Generation Z: A World Gone Cyber
Over half, 50% of youth report being cyber-bullied. Being the Bullseye target of a cyber-bully can happen to anyone. No longer is the overweight or geeky kid the popular choice when it comes to being harassed. Anyone is fair game. Advanced social media technology has given those who feel the need to tear others apart plenty of cyberspace to cause collateral damage. Computers won't change the world, people will. Computers are the tools we'll use. No other generation has dealt with the new age culture that takes the term "bullying" to a new level.
I was tortured by a cyber bully and thankfully, I survived with the help of my family and was able to pick up the pieces and move on. Many feel there is no way out and call it quits. Many ask, "How can someone so young possibly feel there is no reason to live?" I understand their thoughts. When you are a tween, your social existence is your everything. One person can torture a youth without uttering a word... the silent kill. That silence rang louder than ever when I stared at my computer screen for what seemed like a lifetime, reading hateful words typed with one purposeful click at a time. Then came the silence and inner chaotic thought, how will I face everyone at school?

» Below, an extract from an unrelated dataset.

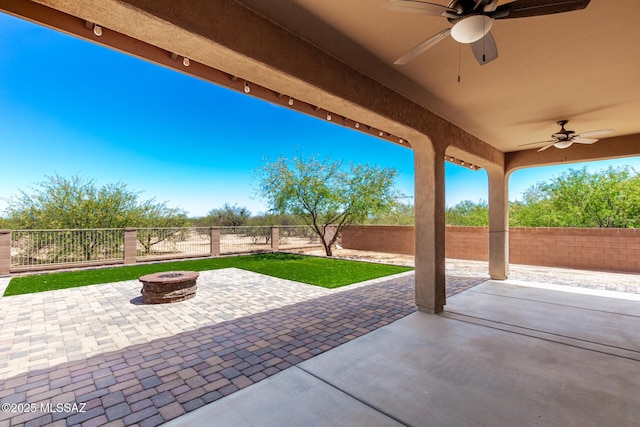 view of patio / terrace featuring a ceiling fan, a fire pit, and a fenced backyard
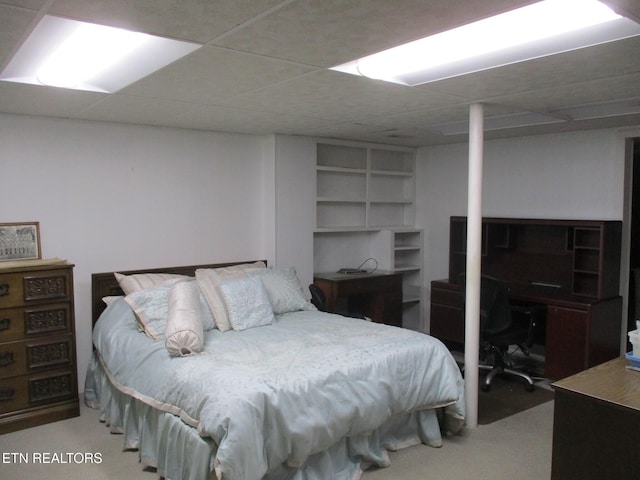 bedroom with light carpet and a paneled ceiling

Traits such as confidence and self-esteem play an important role when youth are faced with aggressive online behavior. Empowerment along with cyber education will result in a reduction of suicide and human trafficking rates while creating a more balanced future cyber generation.
As I fight an urgent need for mandatory life skill/social media classes in all schools, I embrace sharing my empowerment with youth as they deal with the tough pressures of today's media driven society.

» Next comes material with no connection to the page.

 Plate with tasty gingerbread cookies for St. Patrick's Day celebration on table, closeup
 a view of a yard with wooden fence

Cyber-Bullying Survival 101
Who are your "friends?" - Purge your friends list! Keep only those who are truly friends you personally know. The number of friends, likes or comments will never reflect your self worth. You'll see what I mean after you take a look at your ratio of friends and comments you receive on Facebook. Your newsfeed will become real news with real friends. You will most likely have your true friends cell numbers so this positive purge will reduce your direct messaging on fb, therefore resulting in an instant reduction of the likelihood of negativity. Keep your account PRIVATE! I can't stress this enough. The boy or girl your crazy about will find you without Facebook, I promise!
This photo app can be fun and used for good, however tweens and teens are depending on this app to validate their self-worth. The obsession with the number of followers, likes, and comments, or lack thereof, can take over the original idea of this app. At the end of the day, the numbers game no longer matters. Again, keep your account private and add only those you personally know and like. Tweens and teens feel the need to have a high follower count in order to be popular. You're not popular when you are a stranger, strive for quality followers you engage with. Post and comment appropriately. If your friends are those you like, there is no need to be negative, ever! So, you think your invisible? Think again. Human Traffickers prey on Instagram accounts. Girls are sharing their locations that lead those who prey right to their door. Turn off location services and stay safe. Following someone you don't know? Delete them... It's not worth the risk.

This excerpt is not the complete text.